The template-uploader errand communicates with the a9s Deployer API. This is the configuration of the TLS properties:

properties:
anynines_service_broker:
bosh_deployer:
api_endpoint: https://[data_service]-service-deployer.service.dc1.consul.example:3001
skip-ssl-validation: false
ca: ((/a9s_deployer_ca.certificate))((/a9s_components_ca.certificate))
password: ((/[data_service]_service_deployer_password))
username: admin

deployment-updater

The deployment-updater errand can be configured to communicate via TLS with the a9s Service Broker:

properties:
deployment-updater:
force-update: true
service-broker-host: [data_service]-service-broker.service.dc1.consul.example
service-broker-password: ((/[data_service]_service_broker_password))
service-broker-protocol: 'https'
service-broker-port: 3001
service-broker-skip-ssl-validation: false
service-broker-username: admin
service-broker-ca: ((/a9s_[data_service]_broker_ca.certificate))((/a9s_components_ca.certificate))

a9s Dashboard Services

The a9s Dashboard Service communicates with the a9s Backup Manager.

properties:
.
.
backup_manager:
url: https://backup-service-backup-manager.service.dc1.((iaas.consul.domain)):3001
username: admin
password: ((/backup_manager_password))
ca: ((/a9s_private_components_ca.ca))

And the a9s Service Broker:

properties:
.
.
anynines_service_broker:
service_broker:
api_endpoint: http://postgresql-service-broker.service.dc1.((iaas.consul.domain)):3000
authentication:
http_auth_username: admin
http_auth_password: ((/[data_service]_service_broker_password))

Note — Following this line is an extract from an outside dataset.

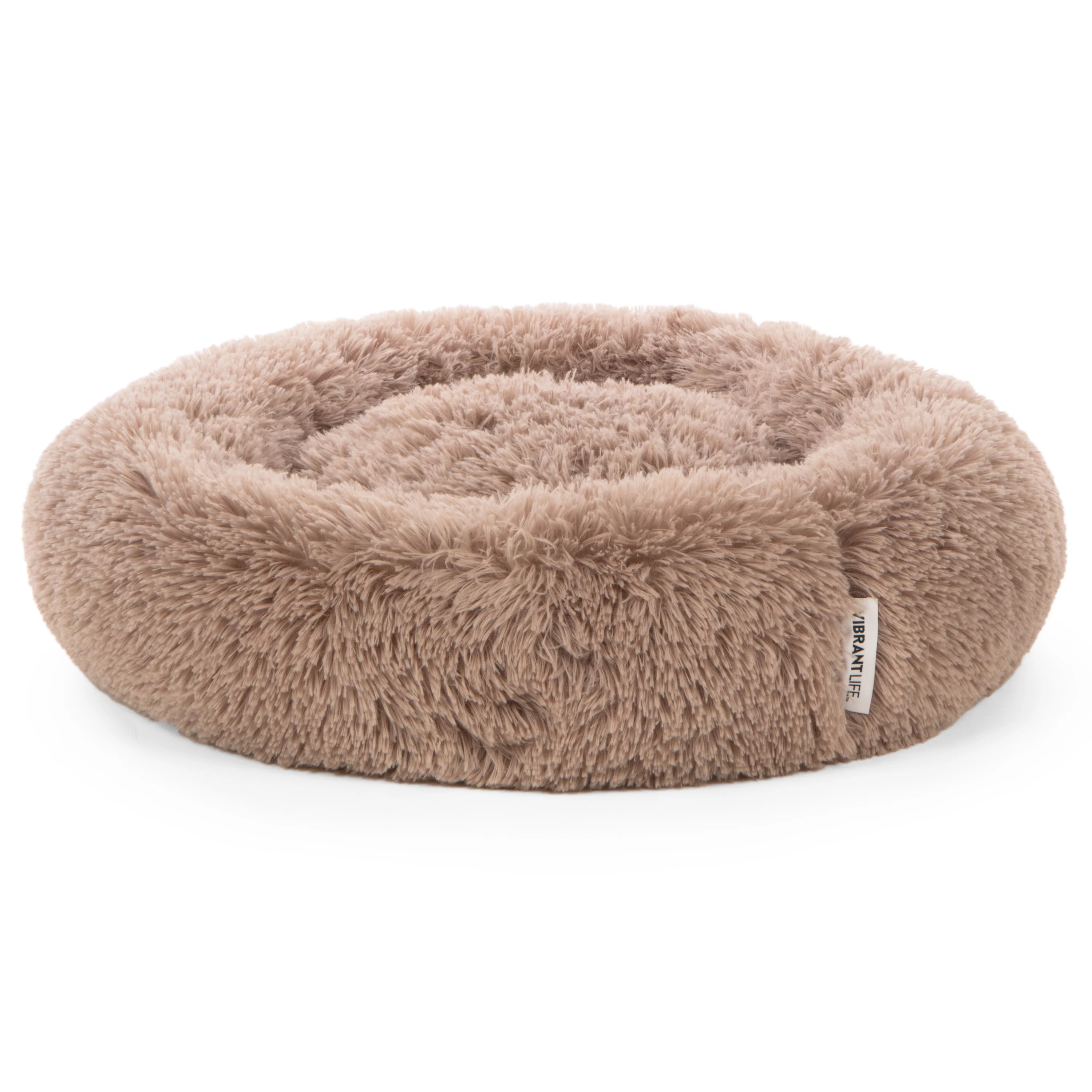 Vibrant Life Cozy Lounger Pet Bed Mattress Edition, Small, 24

In addition, the a9s Dashboard Service exposes routing information to CloudFoundry's NATS server through its route_registrar process. The configuration for this communication is shown below:

- name: route_registrar
release: routing
consumes:
nats-tls:
deployment: cf
from: nats-tls
properties:
nats:
tls:
client_cert: ((/cf_nats_tls_client_cert.certificate))
client_key: ((/cf_nats_tls_client_cert.private_key))
enabled: true
info

If BOSH links cannot be used for any reason, you can rely on the ops/static-nats-config-for-service-dashboards.yml to configure the communication between the a9s Service Dashboard and the NATS server. That ops-file will provide several other credentials manually.

The full list of credentials that are needed for the communication to NATS is provided below.

CredentialNote
cf_nats_tls_client_cert.certificateThe certificate that is provided to the route_registrar job of the dashboard for securing the communication with NATS.
cf_nats_tls_client_cert.private_keyThe corresponding private key for the cf_nats_tls_client_cert.certificate.
cf_nats_tls_client_cert.caThe ordered certificate chain for the cf_nats_tls_client_cert.certificate. The first certificate MUST be the CA certificate that signed the certificate in cf_nats_tls_client_cert.certificate. The last certificate MUST be the root CA certificate. The certificate chain can also only consist of the root CA. In any case, this credential should correspond to the one that has been provided in the NATS deployment for external connections. If you are relying on the BOSH links provided by the NATS deployment, you may omit this credential.
cf_nats_credentials.usernameThe username required to authenticate the route_registrar to NATS. If you are relying on the BOSH links provided by the NATS deployment, you may omit this credential.
cf_nats_credentials.passwordThe password required to authenticate the route_registrar to NATS. If you are relying on the BOSH links provided by the NATS deployment, you may omit this credential.